Martens: Ich spiele keine Komödie, ich lasse mir auch keine Gags reinschreiben. Das muss sich so ergeben im Spiel, wie im Leben auch. Im Leben läuft man ja auch mal aus Versehen gegen den Briefkasten oder tritt in Fettnäpfchen. Wenn das beim Dreh passiert, lass ich das zu. Die witzigsten Sachen stehen nicht im Drehbuch. Aber trotzdem ist es eine Krimireihe, die nie humorlos daherkommt. Das ist bis heute so geblieben.

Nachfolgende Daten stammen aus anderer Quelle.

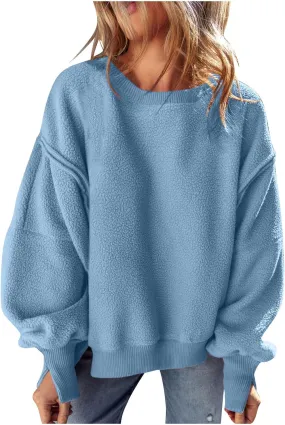 Womens Casual Crewneck Sweatshirt Fleece Long Sleeve Tops Oversized Pullover Winter Fashion Outfits Clothes 2024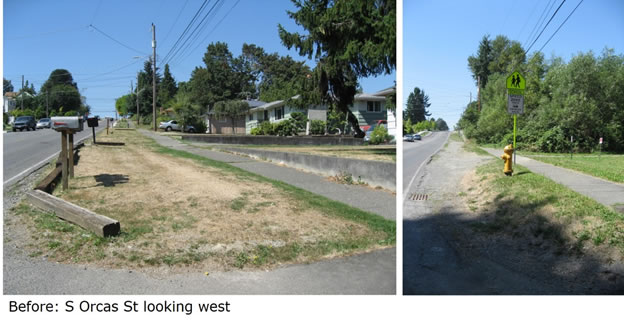 S Orcas St looking west before construction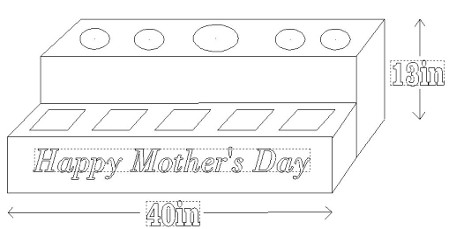 22.)  Happy Mother's Day Snowfilled on front of Champagne Fruit Station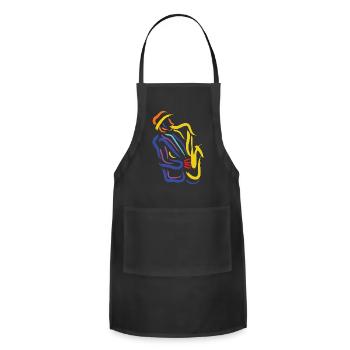 Abstract Saxophonist Jazz Musician - For Saxophone - Adjustable Apron - black - Front - Julia (174cm)
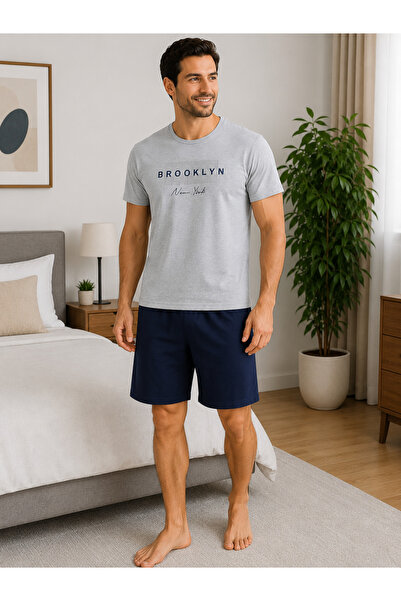 Mirano Set de pijamale din bumbac pentru bărbați, cu tricou gri și pantaloni ...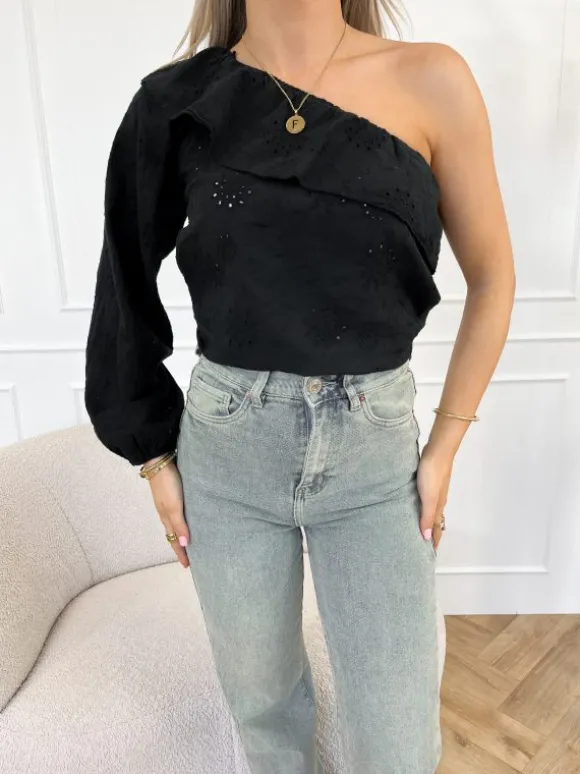 Vajen one shoulder top zwart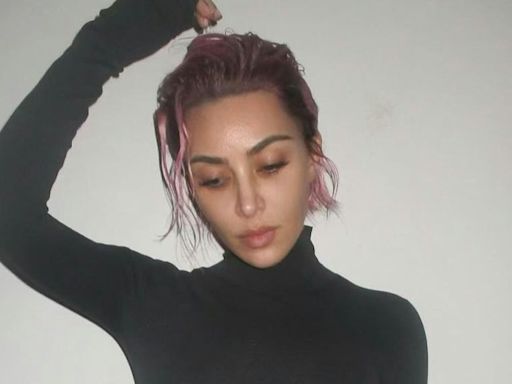 Kim Kardashian Debuts A 'Pastel Grunge' Pink Pixie Cut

prisma: Dabei begann alles als einzelne Krimikomödie mit Ost-West-Einschlag. Ihre Rolle haben Sie eigentlich Maja Maranow zu verdanken, oder?
Martens: Ja, das war 1993. Ein Freund und Kollege von mir hat damals zusammen mit zwei Griechen eine Kneipe in Berlin-Mitte eröffnet, dort wohnte ich damals – und geboren wurde ich da ja auch übrigens. Die Eröffnung war ein riesiges, feucht-fröhliches Fest. Nachts gegen zwei, ich war schon nett zurechtgemacht, wie man so sagt, stand plötzlich ein älterer Herr neben mir an der Bar – der rückblickend gar nicht so viel älter war. Mit dem kam ich ins Gespräch, und nebenbei sah ich immer die Maja Maranow durch den Raum tigern und mich fixieren. Ich fragte mich, was so eine schöne Frau von mir will, denn so schön bin ich ja nun auch wieder nicht.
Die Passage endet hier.